INFORMATION SHOWN =>
####################

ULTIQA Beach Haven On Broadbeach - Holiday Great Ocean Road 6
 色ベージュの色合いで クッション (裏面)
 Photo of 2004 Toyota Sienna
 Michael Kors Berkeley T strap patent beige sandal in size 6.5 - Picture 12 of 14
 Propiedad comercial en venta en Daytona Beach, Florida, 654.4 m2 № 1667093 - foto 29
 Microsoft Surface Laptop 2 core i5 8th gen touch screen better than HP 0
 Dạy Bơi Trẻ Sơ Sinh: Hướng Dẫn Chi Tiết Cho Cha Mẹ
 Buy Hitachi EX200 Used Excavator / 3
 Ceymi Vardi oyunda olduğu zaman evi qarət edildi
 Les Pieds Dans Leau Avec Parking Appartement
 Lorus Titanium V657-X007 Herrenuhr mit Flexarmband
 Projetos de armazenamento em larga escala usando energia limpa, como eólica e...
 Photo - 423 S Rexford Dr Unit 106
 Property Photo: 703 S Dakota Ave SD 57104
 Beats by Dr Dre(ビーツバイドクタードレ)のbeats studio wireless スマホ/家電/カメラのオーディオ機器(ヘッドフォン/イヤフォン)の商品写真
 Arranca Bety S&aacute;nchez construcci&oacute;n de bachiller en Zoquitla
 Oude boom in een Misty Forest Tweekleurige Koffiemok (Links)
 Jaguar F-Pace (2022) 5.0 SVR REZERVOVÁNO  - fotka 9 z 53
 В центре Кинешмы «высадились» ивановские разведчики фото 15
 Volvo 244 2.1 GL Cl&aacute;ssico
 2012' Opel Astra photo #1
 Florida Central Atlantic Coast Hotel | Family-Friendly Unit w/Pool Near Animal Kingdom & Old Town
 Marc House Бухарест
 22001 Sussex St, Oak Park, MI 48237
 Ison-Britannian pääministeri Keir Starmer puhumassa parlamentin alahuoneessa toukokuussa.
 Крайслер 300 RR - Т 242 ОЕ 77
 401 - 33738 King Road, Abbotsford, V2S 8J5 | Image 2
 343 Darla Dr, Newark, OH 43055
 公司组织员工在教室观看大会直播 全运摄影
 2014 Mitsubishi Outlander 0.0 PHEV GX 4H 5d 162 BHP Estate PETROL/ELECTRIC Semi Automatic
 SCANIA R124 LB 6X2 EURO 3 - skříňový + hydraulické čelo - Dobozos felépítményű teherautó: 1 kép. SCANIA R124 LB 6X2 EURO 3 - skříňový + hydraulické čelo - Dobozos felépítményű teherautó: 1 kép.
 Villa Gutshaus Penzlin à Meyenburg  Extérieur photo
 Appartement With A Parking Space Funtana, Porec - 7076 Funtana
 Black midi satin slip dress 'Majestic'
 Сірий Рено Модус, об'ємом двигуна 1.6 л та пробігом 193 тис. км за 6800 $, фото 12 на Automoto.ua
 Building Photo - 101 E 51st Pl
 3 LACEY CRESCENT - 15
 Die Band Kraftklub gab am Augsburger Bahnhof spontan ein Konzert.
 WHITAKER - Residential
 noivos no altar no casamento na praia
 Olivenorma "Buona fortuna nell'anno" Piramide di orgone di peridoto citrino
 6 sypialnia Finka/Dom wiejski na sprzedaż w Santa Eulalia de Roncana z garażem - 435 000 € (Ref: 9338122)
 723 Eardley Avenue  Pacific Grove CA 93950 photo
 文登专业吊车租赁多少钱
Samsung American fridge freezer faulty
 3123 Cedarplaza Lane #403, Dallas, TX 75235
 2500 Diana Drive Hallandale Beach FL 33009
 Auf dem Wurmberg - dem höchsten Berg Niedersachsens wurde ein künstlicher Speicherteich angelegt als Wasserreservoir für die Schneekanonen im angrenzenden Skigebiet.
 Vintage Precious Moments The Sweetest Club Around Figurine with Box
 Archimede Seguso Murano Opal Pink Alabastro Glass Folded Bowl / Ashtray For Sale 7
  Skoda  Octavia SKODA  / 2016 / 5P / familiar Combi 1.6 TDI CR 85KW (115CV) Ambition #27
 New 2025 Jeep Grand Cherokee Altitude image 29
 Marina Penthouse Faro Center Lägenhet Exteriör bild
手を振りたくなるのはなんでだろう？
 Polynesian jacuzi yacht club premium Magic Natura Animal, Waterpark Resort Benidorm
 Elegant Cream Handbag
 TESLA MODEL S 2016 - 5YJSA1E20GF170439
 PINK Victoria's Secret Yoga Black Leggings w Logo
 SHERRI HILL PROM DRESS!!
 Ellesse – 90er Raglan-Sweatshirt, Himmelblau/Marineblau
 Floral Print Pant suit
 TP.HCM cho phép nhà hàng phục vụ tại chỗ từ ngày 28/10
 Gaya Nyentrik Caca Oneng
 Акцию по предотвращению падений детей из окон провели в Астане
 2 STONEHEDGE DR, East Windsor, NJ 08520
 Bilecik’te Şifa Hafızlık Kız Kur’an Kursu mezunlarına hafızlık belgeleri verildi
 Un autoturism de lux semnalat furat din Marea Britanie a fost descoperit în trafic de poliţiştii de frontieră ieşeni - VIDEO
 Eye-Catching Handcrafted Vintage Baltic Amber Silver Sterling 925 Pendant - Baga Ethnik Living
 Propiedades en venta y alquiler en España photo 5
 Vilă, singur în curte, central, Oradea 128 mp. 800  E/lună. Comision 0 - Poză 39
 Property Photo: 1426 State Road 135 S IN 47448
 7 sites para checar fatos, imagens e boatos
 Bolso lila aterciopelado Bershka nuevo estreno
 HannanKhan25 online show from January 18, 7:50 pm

####################

WHAT IS REQUIRED => Your output should be the lines from the one with "(115CV) Ambition #27" through the last line of the entries above, copied exactly and nothing more.

OUTPUT FOR THIS TASK =>
  Skoda  Octavia SKODA  / 2016 / 5P / familiar Combi 1.6 TDI CR 85KW (115CV) Ambition #27
 New 2025 Jeep Grand Cherokee Altitude image 29
 Marina Penthouse Faro Center Lägenhet Exteriör bild
手を振りたくなるのはなんでだろう？
 Polynesian jacuzi yacht club premium Magic Natura Animal, Waterpark Resort Benidorm
 Elegant Cream Handbag
 TESLA MODEL S 2016 - 5YJSA1E20GF170439
 PINK Victoria's Secret Yoga Black Leggings w Logo
 SHERRI HILL PROM DRESS!!
 Ellesse – 90er Raglan-Sweatshirt, Himmelblau/Marineblau
 Floral Print Pant suit
 TP.HCM cho phép nhà hàng phục vụ tại chỗ từ ngày 28/10
 Gaya Nyentrik Caca Oneng
 Акцию по предотвращению падений детей из окон провели в Астане
 2 STONEHEDGE DR, East Windsor, NJ 08520
 Bilecik’te Şifa Hafızlık Kız Kur’an Kursu mezunlarına hafızlık belgeleri verildi
 Un autoturism de lux semnalat furat din Marea Britanie a fost descoperit în trafic de poliţiştii de frontieră ieşeni - VIDEO
 Eye-Catching Handcrafted Vintage Baltic Amber Silver Sterling 925 Pendant - Baga Ethnik Living
 Propiedades en venta y alquiler en España photo 5
 Vilă, singur în curte, central, Oradea 128 mp. 800  E/lună. Comision 0 - Poză 39
 Property Photo: 1426 State Road 135 S IN 47448
 7 sites para checar fatos, imagens e boatos
 Bolso lila aterciopelado Bershka nuevo estreno
 HannanKhan25 online show from January 18, 7:50 pm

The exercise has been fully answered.